2019-08-28 21:17:07

by Denis Kenzior

[permalink] [raw]
Subject: [PATCH] cfg80211: Purge frame registrations on iftype change

Currently frame registrations are not purged, even when changing the
interface type. This can lead to potentially weird / dangerous
situations where frames possibly not relevant to a given interface
type remain registered and mgmt_frame_register is not called for the
no-longer-relevant frame types.

The kernel currently relies on userspace apps to actually purge the
registrations themselves, e.g. by closing the nl80211 socket associated
with those frames. However, this requires multiple nl80211 sockets to
be open by the userspace app, and for userspace to be aware of all state
changes. This is not something that the kernel should rely on.

This commit adds a call to cfg80211_mlme_purge_registrations() to
forcefully remove any registrations left over prior to switching the
iftype.

Cc: [email protected]

Signed-off-by: Denis Kenzior <[email protected]>
---
net/wireless/util.c | 1 +
1 file changed, 1 insertion(+)

diff --git a/net/wireless/util.c b/net/wireless/util.c
index c99939067bb0..3fa092b78e62 100644
--- a/net/wireless/util.c
+++ b/net/wireless/util.c
@@ -964,6 +964,7 @@ int cfg80211_change_iface(struct cfg80211_registered_device *rdev,
}

cfg80211_process_rdev_events(rdev);
+ cfg80211_mlme_purge_registrations(dev->ieee80211_ptr);
}

err = rdev_change_virtual_intf(rdev, dev, ntype, params);
--
2.19.2


2019-08-30 08:53:32

by Johannes Berg

[permalink] [raw]
Subject: Re: [PATCH] cfg80211: Purge frame registrations on iftype change

On Wed, 2019-08-28 at 16:11 -0500, Denis Kenzior wrote:
> Currently frame registrations are not purged, even when changing the
> interface type. This can lead to potentially weird / dangerous
> situations where frames possibly not relevant to a given interface
> type remain registered and mgmt_frame_register is not called for the
> no-longer-relevant frame types.

I'd argue really just "weird and non-working", hardly dangerous. Even in
the mac80211 design where we want to not let you intercept e.g. AUTH
frames in client mode - if you did, then you'd just end up with a non-
working interface. Not sure I see any "dangerous situation". Not really
an all that important distinction though.

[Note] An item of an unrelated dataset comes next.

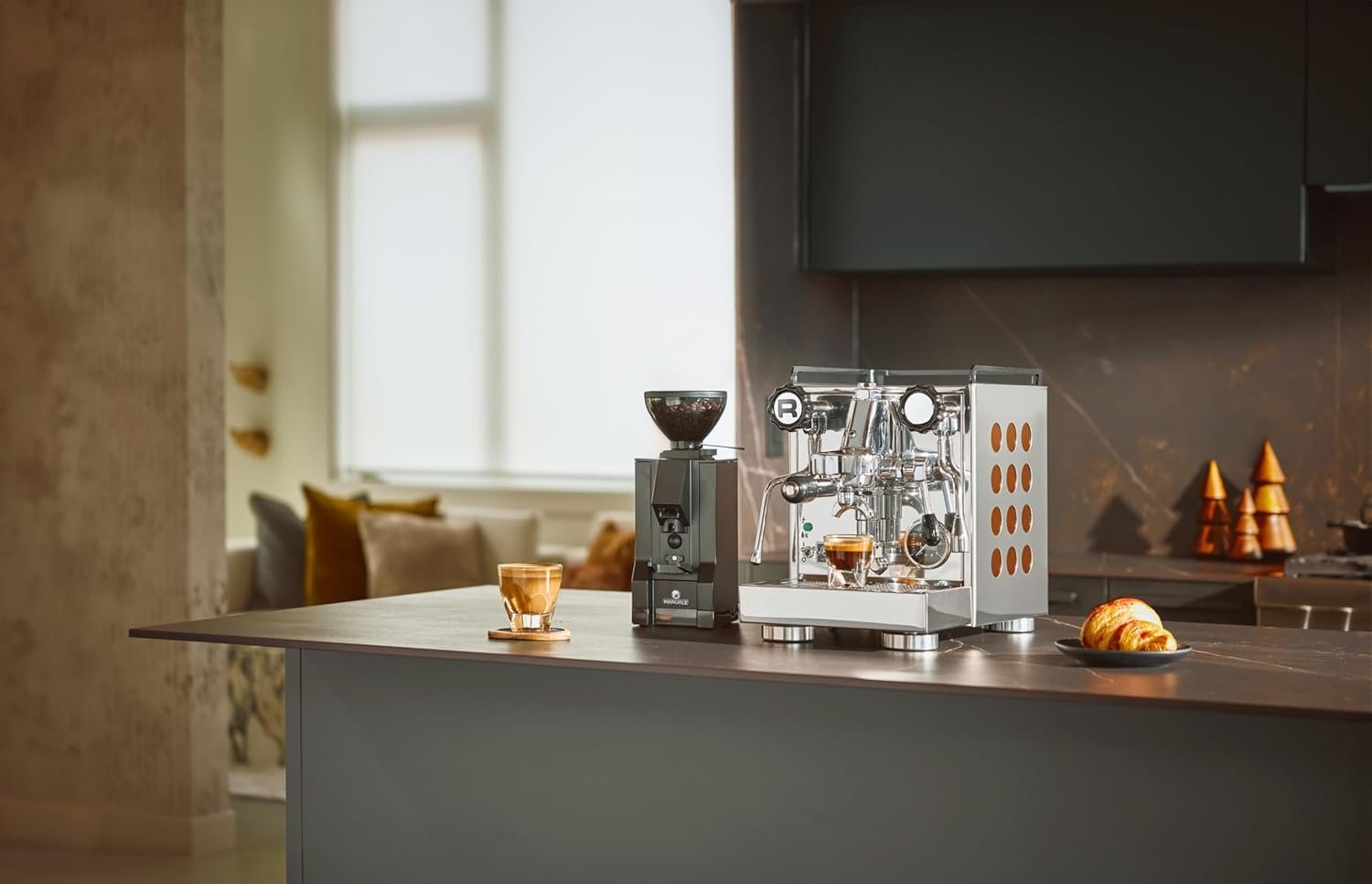 Eureka Mignon Notte Grinder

Depending on the design, it may also just be that those registrations
are *ignored*, because e.g. firmware intercepts the AUTH frame already,
which would just (maybe) confuse userspace - but that seems unlikely
since it switched interface type and has no real need for those frames
then.

> The kernel currently relies on userspace apps to actually purge the
> registrations themselves, e.g. by closing the nl80211 socket associated
> with those frames. However, this requires multiple nl80211 sockets to
> be open by the userspace app, and for userspace to be aware of all state
> changes. This is not something that the kernel should rely on.

I tend to agree with that the kernel shouldn't rely on it.

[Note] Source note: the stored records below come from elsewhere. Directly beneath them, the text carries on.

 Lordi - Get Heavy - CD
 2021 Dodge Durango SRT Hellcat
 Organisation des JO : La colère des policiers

> This commit adds a call to cfg80211_mlme_purge_registrations() to
> forcefully remove any registrations left over prior to switching the
> iftype.

However, I do wonder if we should make this more transactional, and hang
on to them if the type switching fails. We're not notifying userspace
that the registrations have disappeared, so if type switching fails and
it continues to work with the old type rather than throwing its hands up
and quitting or something, it'd make a possibly bigger mess to just
silently have removed them already.

I *think* it should be safe to just move this after the switching
succeeds, since the switching can pretty much only be done at a point
where nothing is happening on the interface anyway, though that might
confuse the driver when the remove happens.

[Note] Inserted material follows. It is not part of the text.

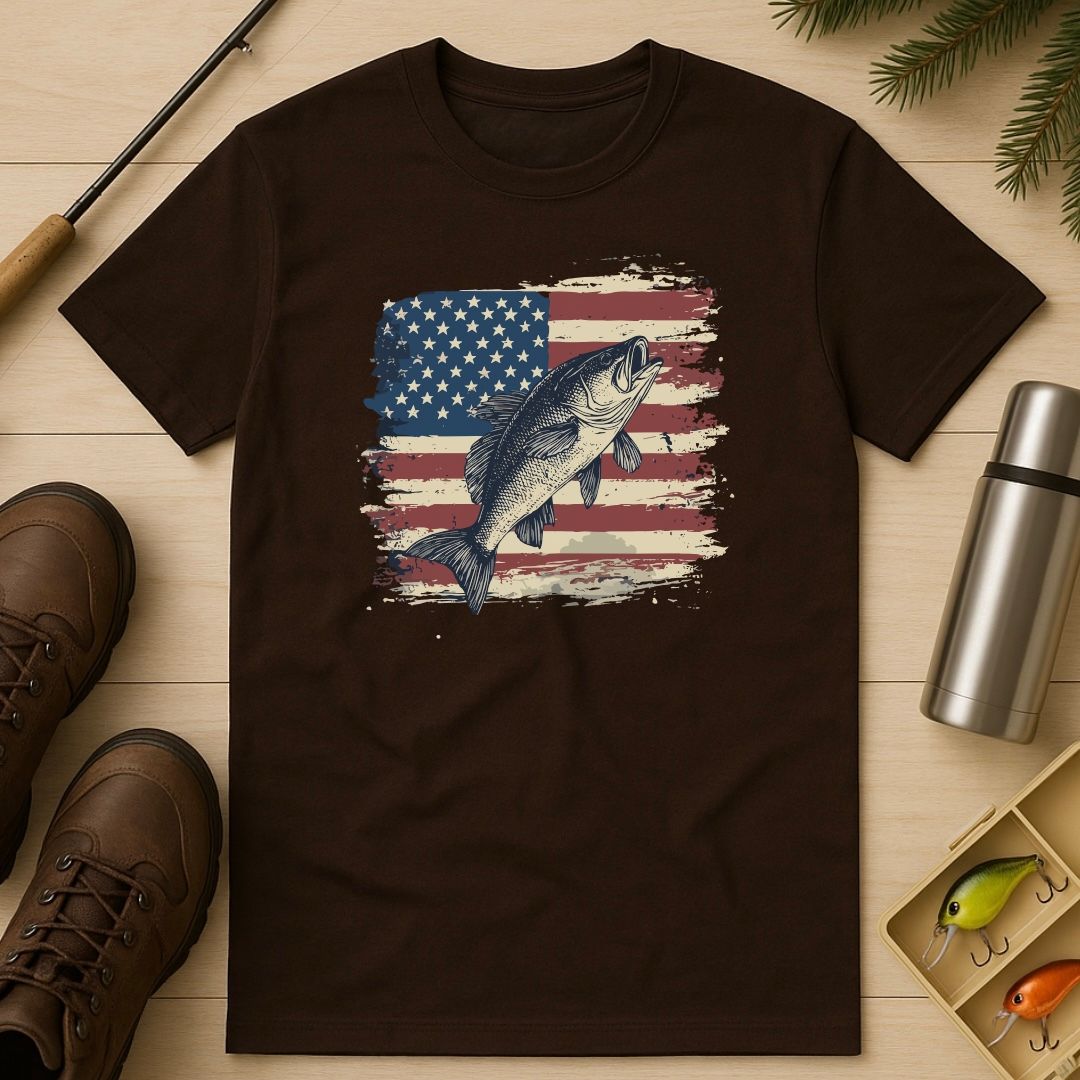 Patriot’s Catch T-Shirt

Also, perhaps it'd be better to actually hang on to those registrations
that *are* still possible afterwards? But to not confuse the driver I
guess that might require unregister/re-register to happen, all of which
requires hanging on to the list and going through it after the type
switch completed?

What do you think?

johannes

2019-08-30 15:31:37

by Denis Kenzior

[permalink] [raw]
Subject: Re: [PATCH] cfg80211: Purge frame registrations on iftype change

Hi Johannes,

On 8/30/19 3:53 AM, Johannes Berg wrote:
> On Wed, 2019-08-28 at 16:11 -0500, Denis Kenzior wrote:
>> Currently frame registrations are not purged, even when changing the
>> interface type. This can lead to potentially weird / dangerous
>> situations where frames possibly not relevant to a given interface
>> type remain registered and mgmt_frame_register is not called for the
>> no-longer-relevant frame types.
>
> I'd argue really just "weird and non-working", hardly dangerous. Even in
> the mac80211 design where we want to not let you intercept e.g. AUTH
> frames in client mode - if you did, then you'd just end up with a non-
> working interface. Not sure I see any "dangerous situation". Not really
> an all that important distinction though.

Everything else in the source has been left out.